北アルプスの最奥部・黒部原流域のフロンティアとして、長く山小屋(三俣山荘、雲ノ平山荘、水晶小屋、湯俣山荘)の経営に携わってきた伊藤正一と、遠山富士弥、遠山林平、鬼窪善一郎、倉繁勝太郎ら「山賊」と称された仲間たちによる、北アルプス登山黎明期、驚天動地の昔話。
また、埋蔵金伝説、山のバケモノ、山岳遭難、山小屋暮らしのあれこれなど、幅の広い「山の話題」が盛り込まれていて、読む者をして、まるで黒部の奥地にいるような気持ちにさせてくれる山岳名著の一書です。

感想

極寒のなか強風がふきつけ、予想外の鉄砲水が襲う黒部の地は、人を寄せつけない日本最奥の地である。
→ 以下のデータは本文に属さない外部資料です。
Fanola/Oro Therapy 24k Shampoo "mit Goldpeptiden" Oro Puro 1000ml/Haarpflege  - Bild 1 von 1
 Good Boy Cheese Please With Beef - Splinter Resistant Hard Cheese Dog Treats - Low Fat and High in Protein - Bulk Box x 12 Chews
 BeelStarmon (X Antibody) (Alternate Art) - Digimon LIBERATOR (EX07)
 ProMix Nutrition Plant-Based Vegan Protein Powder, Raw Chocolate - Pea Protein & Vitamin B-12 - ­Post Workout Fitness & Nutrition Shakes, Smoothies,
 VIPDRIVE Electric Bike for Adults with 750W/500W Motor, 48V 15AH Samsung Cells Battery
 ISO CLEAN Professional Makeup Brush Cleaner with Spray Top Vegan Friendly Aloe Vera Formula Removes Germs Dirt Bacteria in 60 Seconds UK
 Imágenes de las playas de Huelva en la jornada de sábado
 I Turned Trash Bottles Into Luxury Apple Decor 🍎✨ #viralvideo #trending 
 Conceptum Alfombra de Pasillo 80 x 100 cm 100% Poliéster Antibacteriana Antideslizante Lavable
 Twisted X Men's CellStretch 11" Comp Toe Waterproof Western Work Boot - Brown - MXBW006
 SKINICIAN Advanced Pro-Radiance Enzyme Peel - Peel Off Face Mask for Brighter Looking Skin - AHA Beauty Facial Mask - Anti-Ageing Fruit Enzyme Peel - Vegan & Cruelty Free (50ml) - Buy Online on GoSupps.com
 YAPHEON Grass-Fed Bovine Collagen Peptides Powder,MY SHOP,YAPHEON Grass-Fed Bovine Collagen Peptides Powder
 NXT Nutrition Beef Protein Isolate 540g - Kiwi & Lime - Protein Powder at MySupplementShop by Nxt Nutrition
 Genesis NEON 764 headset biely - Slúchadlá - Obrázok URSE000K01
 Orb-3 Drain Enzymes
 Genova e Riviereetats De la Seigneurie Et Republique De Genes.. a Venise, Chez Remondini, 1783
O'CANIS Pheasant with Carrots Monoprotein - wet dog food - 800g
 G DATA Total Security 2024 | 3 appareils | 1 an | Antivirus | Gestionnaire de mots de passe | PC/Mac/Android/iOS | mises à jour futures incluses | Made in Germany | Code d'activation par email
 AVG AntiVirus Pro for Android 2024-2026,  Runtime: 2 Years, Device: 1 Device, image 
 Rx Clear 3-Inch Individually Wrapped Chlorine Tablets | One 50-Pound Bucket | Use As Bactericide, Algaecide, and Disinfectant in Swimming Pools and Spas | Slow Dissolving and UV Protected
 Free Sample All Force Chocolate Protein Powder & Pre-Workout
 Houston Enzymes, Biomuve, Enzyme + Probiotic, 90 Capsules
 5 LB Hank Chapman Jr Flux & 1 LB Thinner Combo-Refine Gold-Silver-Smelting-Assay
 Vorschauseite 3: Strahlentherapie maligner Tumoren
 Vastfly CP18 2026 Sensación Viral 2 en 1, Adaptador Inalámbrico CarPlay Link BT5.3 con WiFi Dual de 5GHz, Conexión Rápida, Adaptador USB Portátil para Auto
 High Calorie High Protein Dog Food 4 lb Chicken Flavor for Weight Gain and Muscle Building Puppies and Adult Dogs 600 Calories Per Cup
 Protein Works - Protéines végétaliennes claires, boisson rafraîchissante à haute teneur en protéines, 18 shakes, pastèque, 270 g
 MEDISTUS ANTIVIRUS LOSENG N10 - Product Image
そうして荒れ狂う自然環境であるのと同時に、「色あざやかな高山植物が咲き乱れ、熊、カモシカ、兎、雷鳥などが遊び、黒部の清流には岩魚が群れている、天国のようなところである」p12、という。

こうした魅惑の地の、終戦直後から昭和30年後半までの時期を舞台とし、著者や猟師が経験したこと、黒部にまつわるエピソードを整理している。そこは古典文学に登場してきたさまざまなモノノケたちの残り香の漂う土地であった。

1日に草鞋を2,3足もはきつぶした話と、体をはるかにこえる長さ木材をたくさん背負って登っていく歩荷(ぼっか)の写真が印象的だった。